BUT....not everyone from the inner city, or broken homes or living in poverty end up in prison.

Many of the COs in my prison come from the same "streets" as the individuals that are incarcerated. THEY are the biggest critics. They also dealt with drugs, broken homes, friends getting shot and even harassment by cops. But they choose a different life. Why is that?

Recidivism is a difficult topic. Books have been written on the subject and we could go back and forth on it for years. to keep it short, it is a double edge sword.
#1 The individual HAS TO WANT to stay out of trouble. Many individuals suffer from what is called "anti-social personality disorder". It's in their nature to be self destructive and continue to commit crimes, even after a long stint in prison. Poor decision making skills coupled with a lack of regard for the rights or feelings of others.

#2 Society HAS to be able to welcome individuals with criminal histories back into society. Time and again I read stories on how folks can't keep a simple minimum wage job because of their record. This needs to change if folks are going to not end up back in prison. The temptation is there. Work at Mcdonalds (if possible) or return to robbing and drugs?


For those on what we call "Life on an instalment plan" who keep coming back I find that many times they do age out or mature out of that criminal life. But that sometimes takes decades to get there. it's guys in their 40-50s who finally go...I'm tired of this !@#$. Some of those do get out and finally stay out of trouble. Others, well like your PP....have a life sentence to deal with.


[quote=carm2405;7825854]
Quote:
Originally Posted by Bikerguy View Post

Was it really a "choice" though?? Or are many people who end up in prison on the road there before they even leave childhood, due to traumatic background, social issues, poverty, broken families, etc....
Many people who end up prisoners have little chance of "choosing" another lifestyle due to the deal life has thrown them...

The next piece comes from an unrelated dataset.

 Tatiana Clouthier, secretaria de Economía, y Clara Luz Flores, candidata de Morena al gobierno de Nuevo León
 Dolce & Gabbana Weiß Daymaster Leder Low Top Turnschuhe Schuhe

Regarding "recidivisim", maybe one of the best solutions to this might come from fellow prisoners. Here's a good one I heard from my penpal recently. He was angry because he constantly sees people leave, only to come back a year or two later. A few days ago he confronted one of these "returners" and said: "Huh... so you don't like freedom??"
The guy said: "What's up with you... you okay??"
My friend said "No... I'm never okay with your type... all I ask for is one chance, but I still have life..."
And with that the guy's face dropped. He got the message.

Maybe this conversation will do more good to prevent that guy from coming back in again after he is next released.
Just a thought!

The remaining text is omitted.